▶ _About this exercise_
Every line of the records that holds the word "with" should be copied.
** Data listing follows **
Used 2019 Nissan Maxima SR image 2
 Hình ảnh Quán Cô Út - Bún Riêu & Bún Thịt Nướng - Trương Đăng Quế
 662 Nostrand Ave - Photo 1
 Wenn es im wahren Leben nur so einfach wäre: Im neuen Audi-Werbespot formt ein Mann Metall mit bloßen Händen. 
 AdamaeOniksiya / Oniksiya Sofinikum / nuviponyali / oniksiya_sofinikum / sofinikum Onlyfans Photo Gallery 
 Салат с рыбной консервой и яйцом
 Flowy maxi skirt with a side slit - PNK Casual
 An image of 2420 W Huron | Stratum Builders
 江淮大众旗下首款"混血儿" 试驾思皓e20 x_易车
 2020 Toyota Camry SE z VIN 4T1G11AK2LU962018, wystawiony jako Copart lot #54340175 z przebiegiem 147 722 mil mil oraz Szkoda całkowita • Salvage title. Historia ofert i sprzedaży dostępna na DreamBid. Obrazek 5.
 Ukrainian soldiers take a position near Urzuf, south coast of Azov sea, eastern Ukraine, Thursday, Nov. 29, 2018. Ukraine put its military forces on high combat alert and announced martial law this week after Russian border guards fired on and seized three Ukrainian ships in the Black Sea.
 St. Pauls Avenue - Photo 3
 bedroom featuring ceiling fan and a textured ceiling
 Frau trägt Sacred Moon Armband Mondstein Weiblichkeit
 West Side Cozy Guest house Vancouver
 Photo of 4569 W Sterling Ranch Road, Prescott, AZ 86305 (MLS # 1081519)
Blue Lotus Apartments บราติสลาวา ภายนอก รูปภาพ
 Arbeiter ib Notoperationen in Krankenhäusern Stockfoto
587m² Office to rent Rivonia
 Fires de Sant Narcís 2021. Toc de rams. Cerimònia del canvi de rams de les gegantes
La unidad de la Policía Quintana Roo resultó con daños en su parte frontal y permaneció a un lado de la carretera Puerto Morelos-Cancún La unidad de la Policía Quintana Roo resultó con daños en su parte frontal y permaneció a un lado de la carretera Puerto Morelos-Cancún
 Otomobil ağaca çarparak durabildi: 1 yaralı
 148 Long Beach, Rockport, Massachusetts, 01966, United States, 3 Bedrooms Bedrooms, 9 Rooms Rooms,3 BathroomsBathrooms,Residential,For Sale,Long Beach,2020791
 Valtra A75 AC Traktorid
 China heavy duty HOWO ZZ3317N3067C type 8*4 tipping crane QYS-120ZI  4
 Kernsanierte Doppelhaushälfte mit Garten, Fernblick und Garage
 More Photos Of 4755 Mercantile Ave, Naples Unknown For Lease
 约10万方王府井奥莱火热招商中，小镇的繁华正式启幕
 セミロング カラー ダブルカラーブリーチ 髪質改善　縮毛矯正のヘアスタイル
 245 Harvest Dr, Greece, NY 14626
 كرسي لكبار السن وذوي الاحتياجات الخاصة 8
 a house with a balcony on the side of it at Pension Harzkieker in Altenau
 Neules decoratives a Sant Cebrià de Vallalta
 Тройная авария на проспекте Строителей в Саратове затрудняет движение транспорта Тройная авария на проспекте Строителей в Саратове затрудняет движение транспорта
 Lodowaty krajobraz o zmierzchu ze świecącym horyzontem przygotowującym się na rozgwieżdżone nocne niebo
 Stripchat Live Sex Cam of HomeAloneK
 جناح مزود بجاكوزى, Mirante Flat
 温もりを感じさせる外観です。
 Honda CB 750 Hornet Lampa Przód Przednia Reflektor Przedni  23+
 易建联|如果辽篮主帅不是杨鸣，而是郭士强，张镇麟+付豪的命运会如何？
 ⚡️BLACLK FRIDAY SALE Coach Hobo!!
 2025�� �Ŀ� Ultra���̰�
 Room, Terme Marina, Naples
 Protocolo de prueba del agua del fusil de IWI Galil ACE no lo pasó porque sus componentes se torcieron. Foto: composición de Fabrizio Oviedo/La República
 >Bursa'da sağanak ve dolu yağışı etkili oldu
** End of Data listing **
▶ _Solution to this problem_
 Flowy maxi skirt with a side slit - PNK Casual
 a house with a balcony on the side of it at Pension Harzkieker in Altenau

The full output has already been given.